1) Initialized static arrays :

static const uint8_t key_perm[0x40] __attribute__(( aligned(16) )) = { 0x12,... };

2) Try to use even space allocate in stack to be aliment (warning: there is a bug with some gcc versions and when running the gcc on cygwin for windows).

3) For the dynamic allocation you should use: memalign (or posix_memalign ) instead of malloc.
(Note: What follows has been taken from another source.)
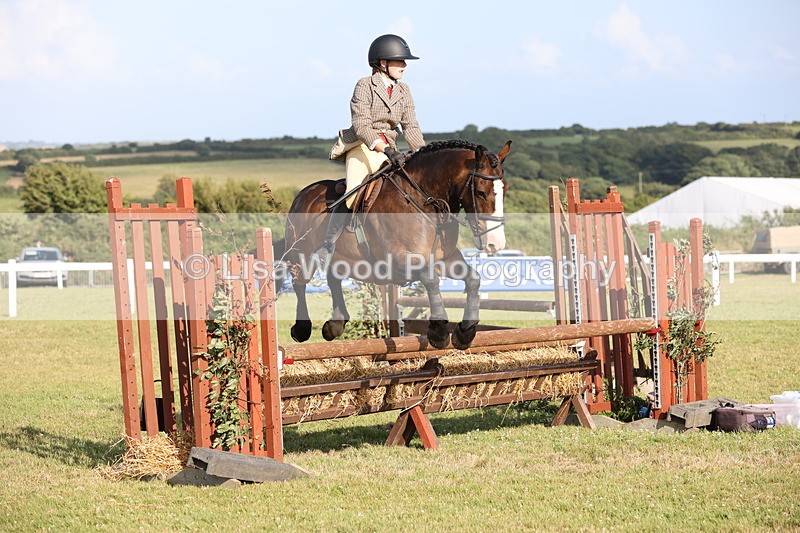 JPP_3231 - Class 21: Working Hunter 80cm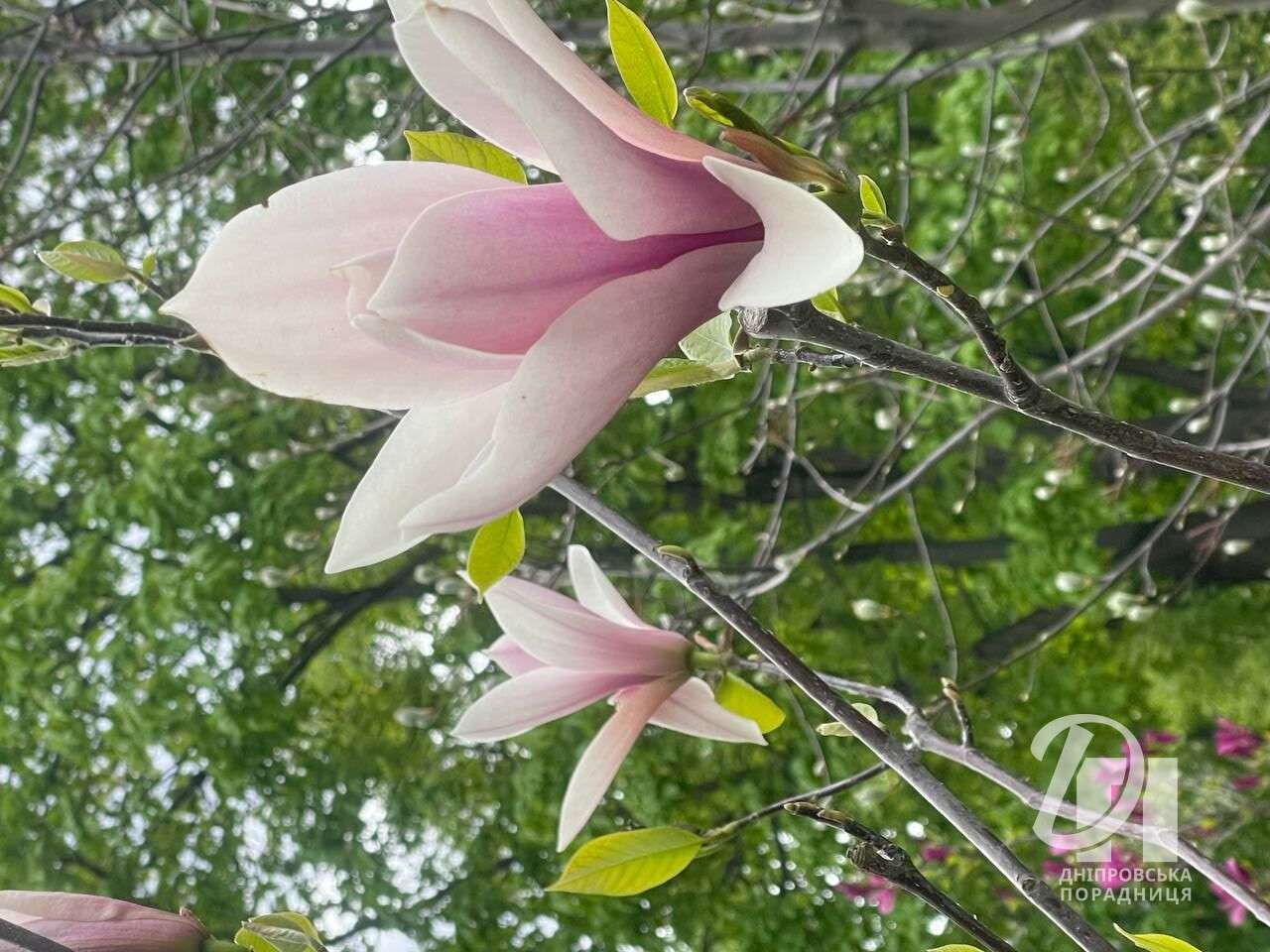 photo_2026-04-28_14-38-29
For steps 1 and 2 note that recent versions of gcc automatically align the arrays in the memory.
For example:

$ cat test.c
#define N 200000
int a[N] __attribute__(( aligned(16) ));
int b[N] __attribute__(( aligned(16) ));
int c[N] __attribute__(( aligned(16) ));

double f2(){
int i;
for (i = 0; i < N; i++)
a[i] = b[i] + c[i];
}

$ gcc -O3 -ftree-vectorize -march=core2 -ftree-vectorizer-verbose=1 -c ./test.c
./test.c:8: note: LOOP VECTORIZED../test.c:6: note: vectorized 1 loops in function.$

The verbose flag should give some info of what vectorized and what not. Even if the arrays are declared in stack, gcc is able to vectorize the loop. Checking the size of the object file we have:

$ size test.o   text    data    bss    dec    hex filename 94    0    0    94    5e test.o

94 Bytes of text, not so bad. Now lets make the example more complicated. Note that i use gcc-4.4, the behavior of older versions may be different.
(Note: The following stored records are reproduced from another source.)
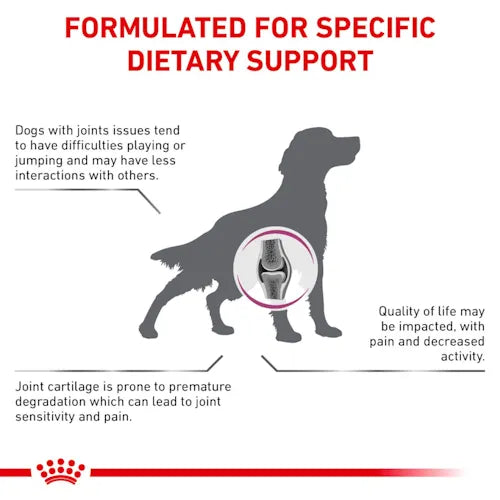 Royal Canin - Canine Mobility C2P+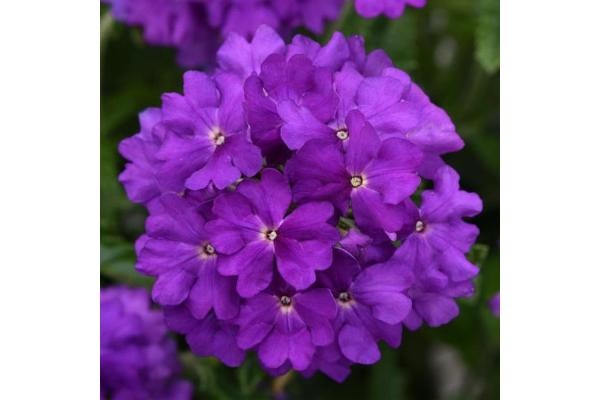 4.75T/10 VERBENA CADET UPRIGHT VIOLET BLUE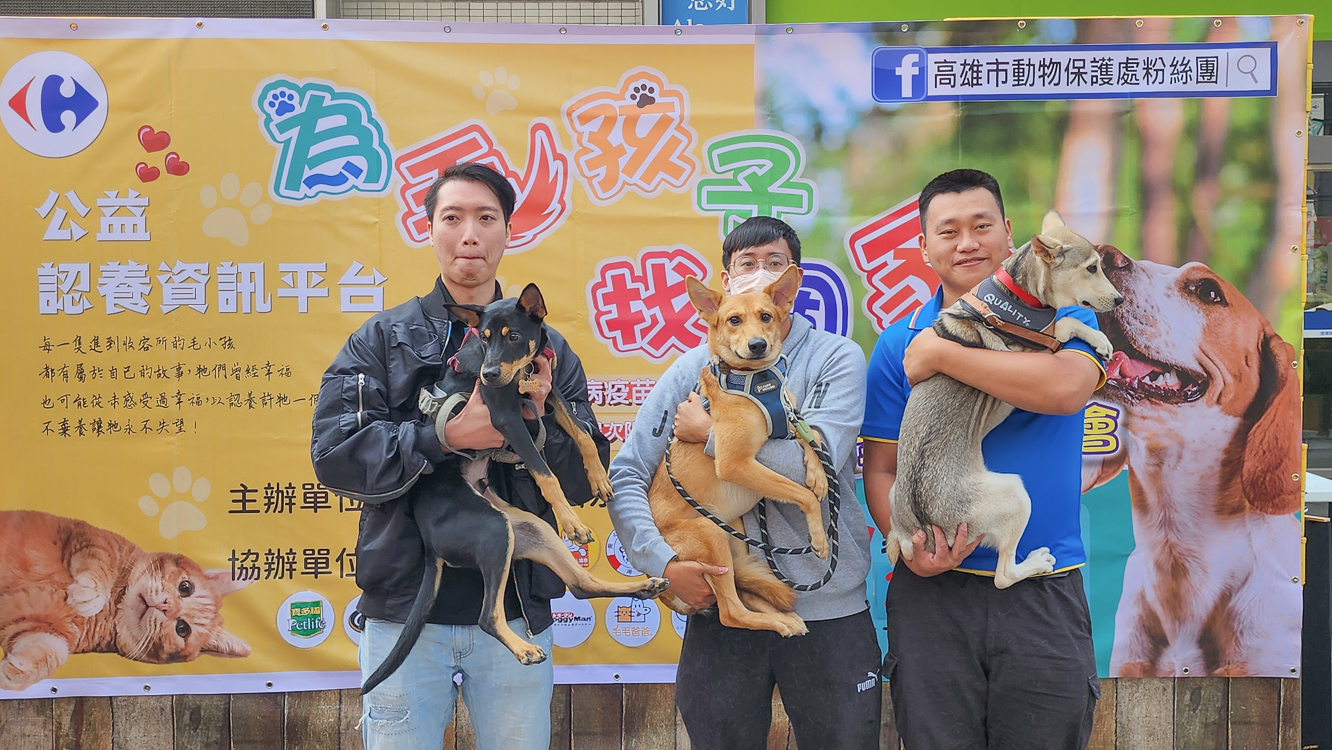 ▲高雄市動保處聯合家樂福參與認養活動，幫助流浪的毛小孩找到家。（圖/記者黃淑貞攝）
double f2(int *a, int *b, int *c, int N){
int i;
for (i = 0; i < N; i++)
a[i] = b[i] + c[i];
}

Compiler must solve two issues in the above example: first the number of iterations is unknown and second the pointers a,b, and may be to point on the same memory location. Dependency analysis on pointer is also called alias analysis. Compiling the example we are getting this:

$ gcc -O3 -ftree-vectorize -march=core2 -ftree-vectorizer-verbose=3 -c ./test.c
./test.c:6: note: vect_model_load_cost: unaligned supported by hardware.
./test.c:6: note: vect_model_load_cost: inside_cost = 2, outside_cost = 0 .
./test.c:6: note: vect_model_load_cost: unaligned supported by hardware.
./test.c:6: note: vect_model_load_cost: inside_cost = 2, outside_cost = 0 .
./test.c:6: note: vect_model_simple_cost: inside_cost = 1, outside_cost = 0 .
./test.c:6: note: vect_model_store_cost: inside_cost = 1, outside_cost = 0 .
./test.c:6: note: cost model: Adding cost of checks for loop versioning to treat misalignment.
./test.c:6: note: cost model: Adding cost of checks for loop versioning aliasing.
./test.c:6: note: cost model: epilogue peel iters set to vf/2 because loop iterations are unknown .
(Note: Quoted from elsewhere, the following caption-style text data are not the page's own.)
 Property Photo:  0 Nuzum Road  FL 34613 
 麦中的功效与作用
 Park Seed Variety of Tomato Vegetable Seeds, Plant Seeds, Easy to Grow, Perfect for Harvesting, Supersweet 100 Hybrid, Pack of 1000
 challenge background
./test.c:6: note: Cost model analysis:
Vector inside of loop cost: 6
Vector outside of loop cost: 20
Scalar iteration cost: 4
Scalar outside cost: 1
prologue iterations: 0
epilogue iterations: 2
Calculated minimum iters for profitability: 7
./test.c:6: note: Profitability threshold = 6
./test.c:6: note: Vectorization may not be profitable.
./test.c:6: note: created 2 versioning for alias checks.
./test.c:6: note: LOOP VECTORIZED.
./test.c:3: note: vectorized 1 loops in function.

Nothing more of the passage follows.